Below are some records. Write out exactly their lines from the one with "Berkfield Home Modern" through the one with "ANDYWEN 925 Sterling", and leave the pictures behind.

Data listing:
━━━━━━
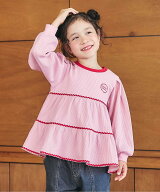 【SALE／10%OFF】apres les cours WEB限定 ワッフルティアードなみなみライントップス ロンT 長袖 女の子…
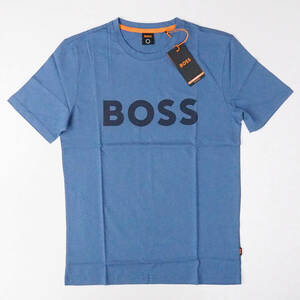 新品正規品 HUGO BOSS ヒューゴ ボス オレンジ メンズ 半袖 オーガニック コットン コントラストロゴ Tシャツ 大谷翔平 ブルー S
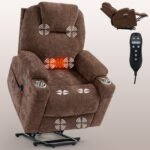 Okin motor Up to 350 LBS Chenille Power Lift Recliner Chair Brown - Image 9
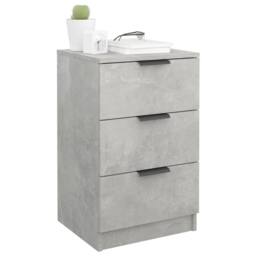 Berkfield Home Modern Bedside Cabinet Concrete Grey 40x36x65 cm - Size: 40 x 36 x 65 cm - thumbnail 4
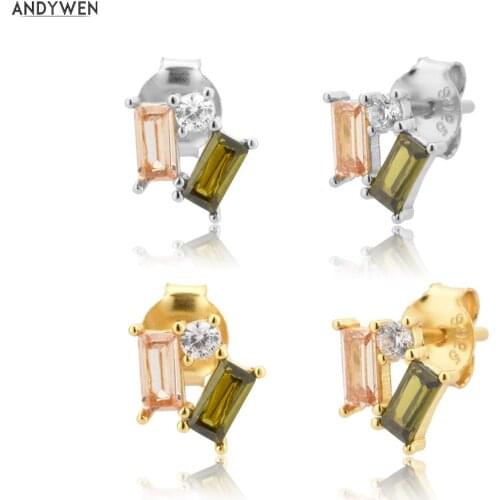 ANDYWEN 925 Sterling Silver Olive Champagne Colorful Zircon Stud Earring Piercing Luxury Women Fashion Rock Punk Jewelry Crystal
━━━━━━
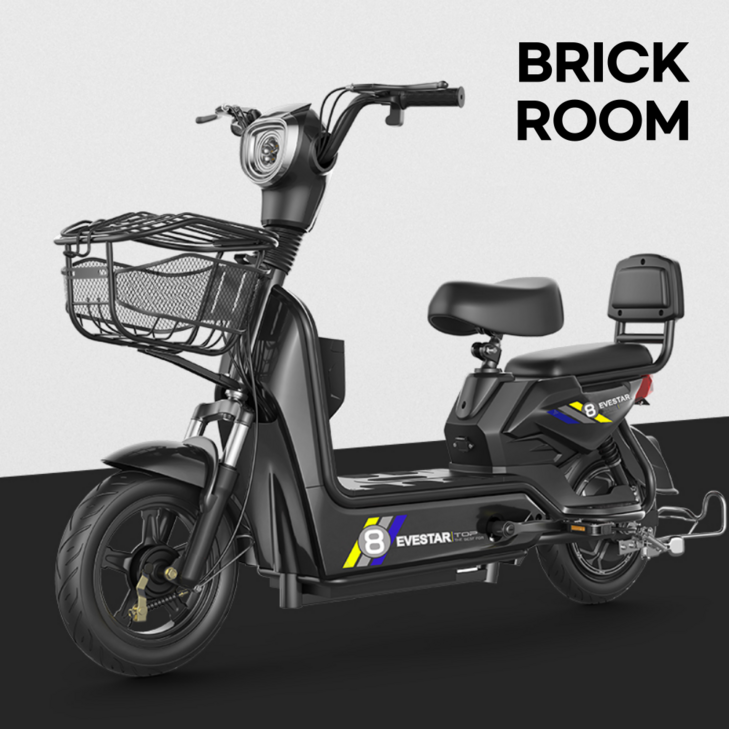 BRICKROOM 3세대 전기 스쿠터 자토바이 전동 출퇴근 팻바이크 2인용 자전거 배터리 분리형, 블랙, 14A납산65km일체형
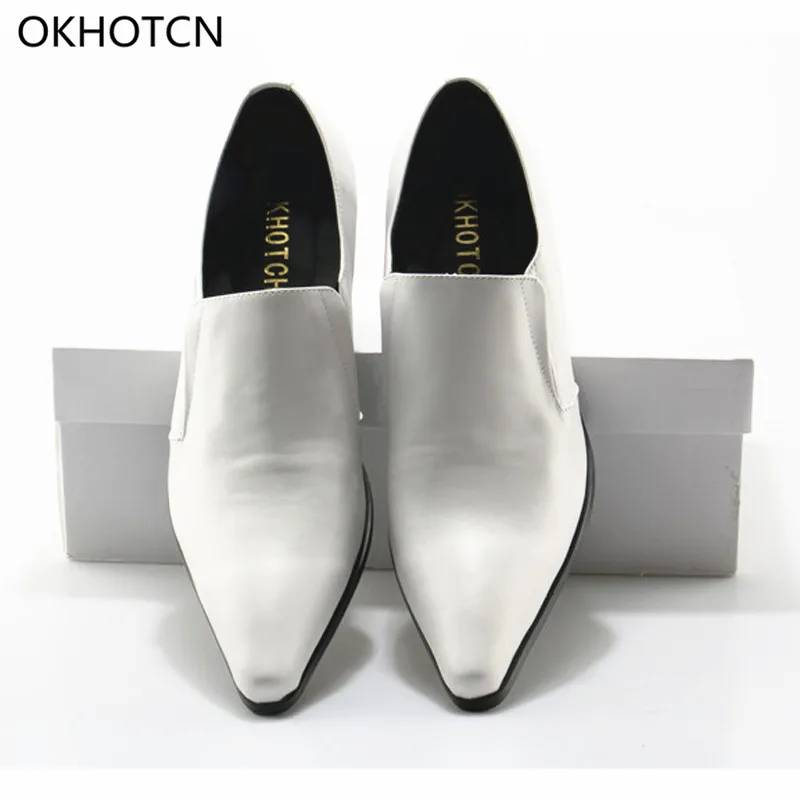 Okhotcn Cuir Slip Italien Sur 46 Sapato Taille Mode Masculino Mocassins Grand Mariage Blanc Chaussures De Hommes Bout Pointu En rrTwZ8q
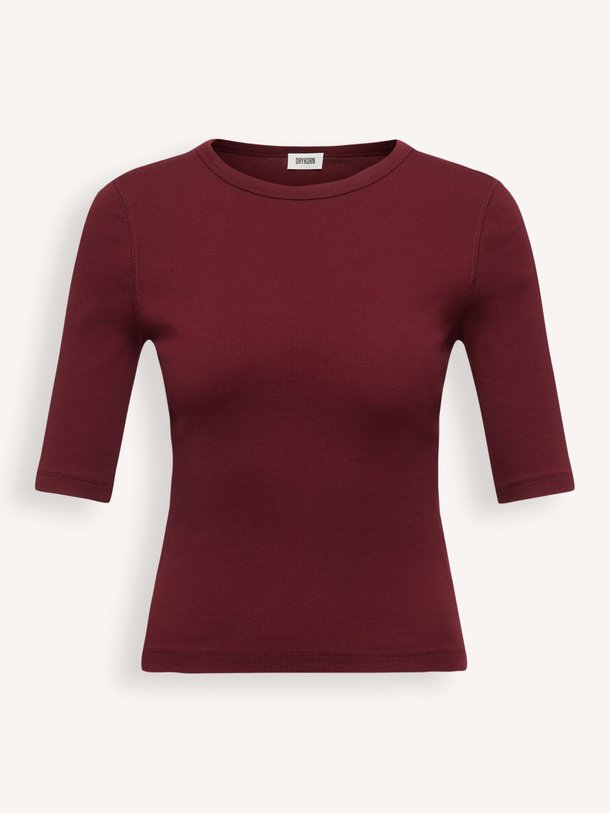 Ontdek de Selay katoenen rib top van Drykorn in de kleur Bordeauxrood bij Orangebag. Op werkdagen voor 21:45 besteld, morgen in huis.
━━━━━━
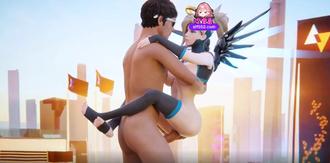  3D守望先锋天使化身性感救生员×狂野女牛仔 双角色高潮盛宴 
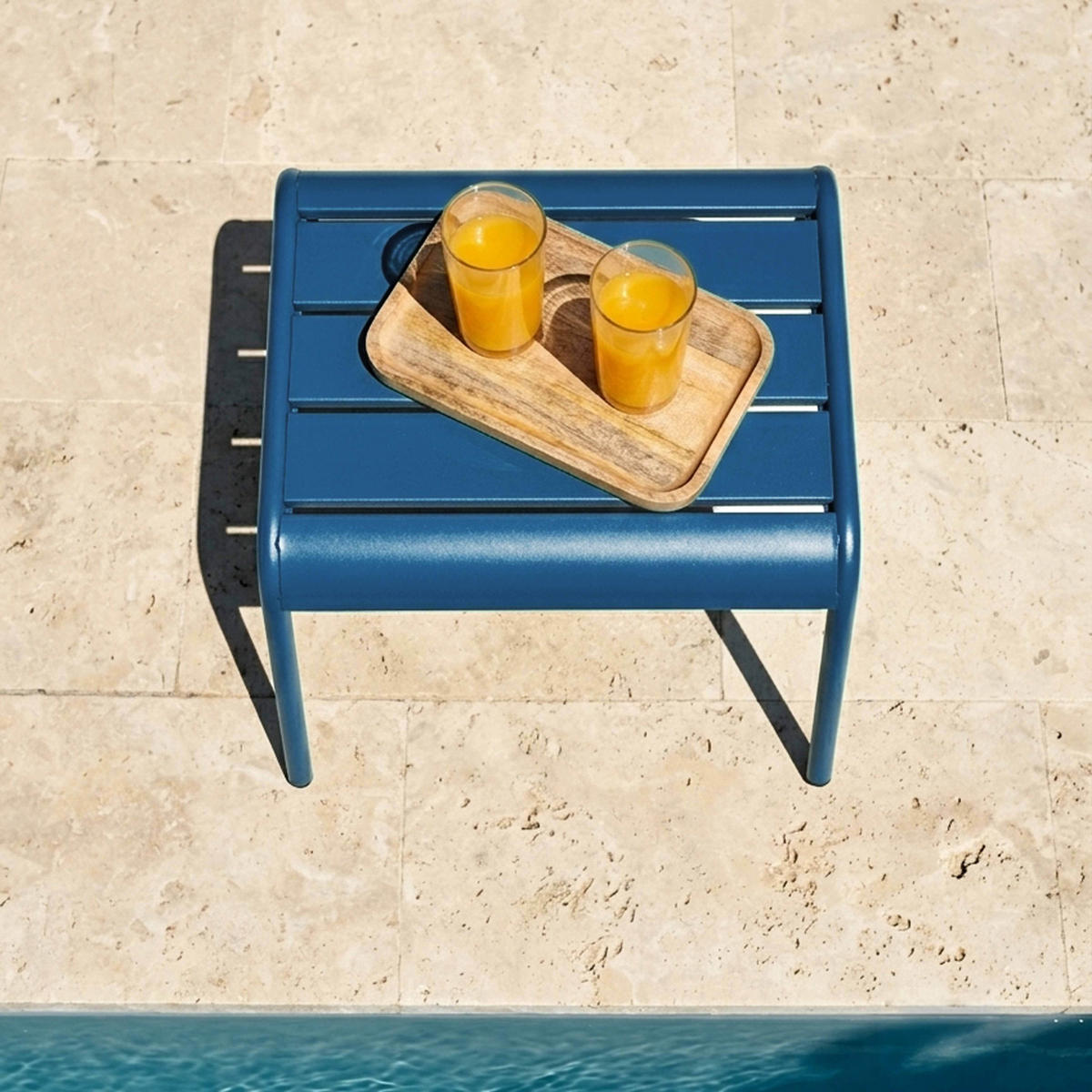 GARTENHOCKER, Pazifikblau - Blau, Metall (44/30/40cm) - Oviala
━━━━━━
Solved exercise:
 Berkfield Home Modern Bedside Cabinet Concrete Grey 40x36x65 cm - Size: 40 x 36 x 65 cm - thumbnail 4
 ANDYWEN 925 Sterling Silver Olive Champagne Colorful Zircon Stud Earring Piercing Luxury Women Fashion Rock Punk Jewelry Crystal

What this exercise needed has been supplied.